Yetto values: Joy Matters
I think about death kind of a lot, and I have for most of my life.
I realize that might seem like a weird way to start a blog post about joy — or any post about company values for that matter — but it’s true, and I think it’s relevant. 21% of your total waking hours over a 76 year lifespan will be spent working, with another 33% sleeping. In total, that translates to you spending over half of your life either unconscious or laboring.
Actually, this number also only accounts for time actually spent at work, and that 21% is measured across the whole life, which means your childhood — whether carefree or traumatic — doesn’t count. This also means that every hour of commuting, every moment of stress you have before and after going into work, every period of alone time you need because you’re too exhausted from the day, every minute you spend checking your notifications from bed; adds to that total number of hours you spend between birth and death toiling to survive.

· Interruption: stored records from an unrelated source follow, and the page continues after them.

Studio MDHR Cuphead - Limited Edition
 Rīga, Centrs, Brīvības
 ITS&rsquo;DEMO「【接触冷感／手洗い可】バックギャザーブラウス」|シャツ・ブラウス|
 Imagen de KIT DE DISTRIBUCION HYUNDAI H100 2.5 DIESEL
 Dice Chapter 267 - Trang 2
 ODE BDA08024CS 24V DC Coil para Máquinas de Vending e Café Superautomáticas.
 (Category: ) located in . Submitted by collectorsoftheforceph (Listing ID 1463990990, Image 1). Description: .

It’s an astounding theft. No matter how much you love your job, how much you succeed, or how great your co-workers are; the fact is that — unless something fundamental changes about the ordering of our society — you’re going to be living your life around your work, and not the other way around.
How much more horrifying is it, then, that our tools, colleagues, and employers often aggravate rather than alleviate this reality?
You’re not gonna make the world a better place
Plenty of companies claim they want to take care of employees, customers, and the world writ large — the ham-fisted insistence that all these startups are going to “make the world a better place” is a recurring jab at these claims from Silicon Valley under a decade ago — but in practice, when rubber meets the road, that amounts to little more than lip service.
We’re not special, we aren’t claiming to fix the world or be immune to the pressures of capitalism. Having said that, we believe there are values and structures that can help you order your company in such a way that when compromise must exist, you can at least triage it to ensure consistency with what matters most to you. It’s good to be specific about what your values mean in practice — as mentioned above, we’ve all seen platitudes be nothing more than propaganda — but your concrete policies and decisions are a reflection of the company’s philosophical beliefs, whether those are explicit (e.g. “Don’t be Evil”) or implicit (i.e. “we exist to make money, everything else is secondary. Greed is good.”).
With that in mind, I present to you the central, animating philosophy of Yetto and its founders: Joy Matters.
But that doesn’t mean you can’t do good
“Joy” meaning “that which isn’t necessary, but makes life better”; “Mattering” meaning “Joy itself is enough of a reason to do something, we don’t need another motive.” This two-word sentiment is our first-filter for everything everything from product decisions to company policy, and it’s remarkably effective.
From a product perspective, it means asking questions like “does it increase or decrease joy and psychological safety for a support professional to be able to easily compare their ticket output to their colleagues?” and then refusing to build dashboards that allow for that comparison when the answer is “No”, regardless of how many managers or leaders want it. It means obsessing over details like how many tabs or browser windows a support professional would need to have open to do their job effectively, and trying to reduce that to as close to “one” as possible.
At the company level, it means rejecting the culture of “speed at all costs” that is endemic to startups and choosing to build deliberately and resiliently. It means trying to figure out what the minimum amount of hours everyone at the company can work while still being able to do their jobs. 32 hours? 24 hours? Let’s find out. It means asking “Why do we pay people different amounts of money based on where they live?”
None of these decisions or ideas are world-changing, and they’re not trying to be. What they are trying to do is make working life a little more joyful for everyone we can. Joy matters, and increasing it is enough of a goal in and of itself.
Are you the fuel? Or the operator?
All three of us have worked on building and supporting developer tooling for the last decade or more, but a better way of understanding this experience is that the problems we like solving involve improving people’s daily experience of work; as much as we can, in any way we can. We’ve been front-line support professionals, documentation engineers, technical writers, platform engineers, support leaders, ops specialists, and internal tooling developers. We will talk about how this experience informs building Yetto ad-nauseam, but the unifying focus we all share as a result is a deep, first-hand understanding that the current slate of tools for support professionals are not built to maximize their joy and productivity; they’re built to contain, measure, and control them.
We aim to change that, and we hope you join us in our attempt.